“MEUS PÉS ENTERREM NA RUA AURORA…”

Você ja ouviu um certo comentário que tal pessoa se parece muito com o lugar onde nasceu?
Que Mário de Andrade é um ícone da Pauliceia, com certeza muita gente sabe, mas que ele foi e continua sendo a “identidade” do bairro paulistano que nasceu, muita gente “culta” desconhece. Aliás, a semelhança fica ainda mais evidente em relação a rua na qual ele veio a luz, a rua Aurora, que em 1809 foi aberta pelos pretos das irmandades religiosas como Rua Santo Eslebão.

Mário de Andrade veio ao mundo as 20:15hs no dia 09 de outubro de 1893. Nasceu numa casa assobradada alugada,  número 54 da Rua Aurora, bairro Santa Ifigenia no então Centro expandido de São Paulo.

Assim como seu ilustre nativo, a Rua Aurora tem uma história peculiar e marcante na história da Capital. Centralizada entre os Campos Elísios, a República, a Luz e o Anhangabaú, a Rua Aurora carrega em sua história, o inequívoco DNA afrodescendente do Distrito onde pertence, a Santa Ifigenia, um bairro que nasceu da reivindicação da irmandade abrigada pela Igreja do Rosário dos homens pretos fincada onde hoje está a Praça Antônio Prado.

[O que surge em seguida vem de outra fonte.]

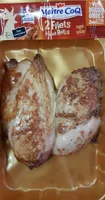 Filet poulet rotis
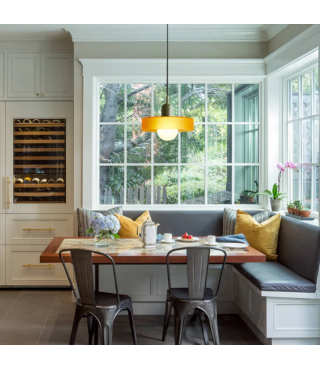 OT Minimalist Light Pendant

Tal reivindicação foi pleitear sua própria Igreja. O que foi concedido nas décadas finais do século XVIII pela Câmara de Vereadores de São Paulo num terreno a alguns metros do “tanque do Zuniga”, que mais tarde seria aterrado para a criação do Largo do Paiçandu, para onde, no início do século XX seria transferida a Igreja Nossa Senhora do Rosário dos Homens Pretos.

O DNA da Rua Aurora aflorou em seu primeiro nome “RUA SANTO ESLEBÃO”, quando ela foi aberta pelas irmandades religiosas pretas. Santo Elesbão foi um Rei etíope (canonizado pelo vaticano) que libertou seu povo dominado por um tirano, e quando reinou se desfez de toda sua riqueza material em favor dos desvalidos. A homenagem das irmandades ao santo preto perdurou até 1865 quando a Câmara de vereadores de São Paulo decidiu modificar os nomes das Ruas daquele bairro em exortação ( “vitória ” – Triunfo, Vitória, Aurora, General Osório) às “conquistas” militares do Brasil na Guerra do Paraguai.

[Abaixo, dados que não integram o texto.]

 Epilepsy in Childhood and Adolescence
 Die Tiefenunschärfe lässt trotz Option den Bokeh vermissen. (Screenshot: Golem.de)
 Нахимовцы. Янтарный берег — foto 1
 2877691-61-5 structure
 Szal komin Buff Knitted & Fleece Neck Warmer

Da mesma forma que Mário, a história da rua Aurora foi marcada por melancolia, lampejos de entusiasmo e instabilidades sociais de toda sorte.

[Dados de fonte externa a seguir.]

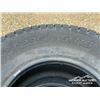 Image 6 : (4) CENTARA 235/75R15 TIRES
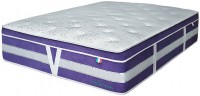 Photos - Mattress Matroluxe Kosta Verde 200х200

Uma rua onde seu entorno se desenvolveu meteoricamente, sendo umas das primeiras a receber calçamento, guias e sarjetas, e itinerarario de bondes.  Tornando-se (assim como a Rua Florêncio de Abreu) uma das principais ligações dos Quartéis do Arouche, da Estrada de Pinheiros e também, do glamouroso Triângulo e Pátio do Colégio às movimentadas estações ferroviárias da Luz São Paulo Railway e E. F. Sorocabana, que graças a Economia do Café recebiam diariamente centenas de novos trabalhadores e moradores para esta “Cidade Nova”.

No final do Século XIX, “Santa Ephigenia” se tornou rapidamente o novo centro econômico, de serviços e, de entretenimento da cidade. Hotéis, teatros, cinemas, bares e Cabarés abriam suas portas ao mesmo tempo em que as lonas de circo se erguiam mambembe pelo largo do Paiçandu e ruas do entorno.

Nesta época, o Vigário Cônego José de Camargo Barros da Capital promoveu uma pesada campanha  acusações  e difamação contra as Irmandades Pretas de Santa Ifigenia e Eslebão.  Descuido com a conservação da Igreja, Balbúrdia e até suspeiçãode crimes foram as reclamações levantadas pelo Cônego, resultando em uma demorada batalha jurídica que acabou no inicio de 1900 por proibir a realização de cultos , e por retirar a administração Paroquia das mãos das irmandades pretas.

Em contrapartida, no início de 1900 o crescimento da população pobre e a proliferacao de cortiços em condições insalubres e a velocidade da urbanização e circulação de “desocupados e prostituição” já preocupava as autoridades com o aumento constante das ocorrências policiais no distrito de Santa Ifigenia.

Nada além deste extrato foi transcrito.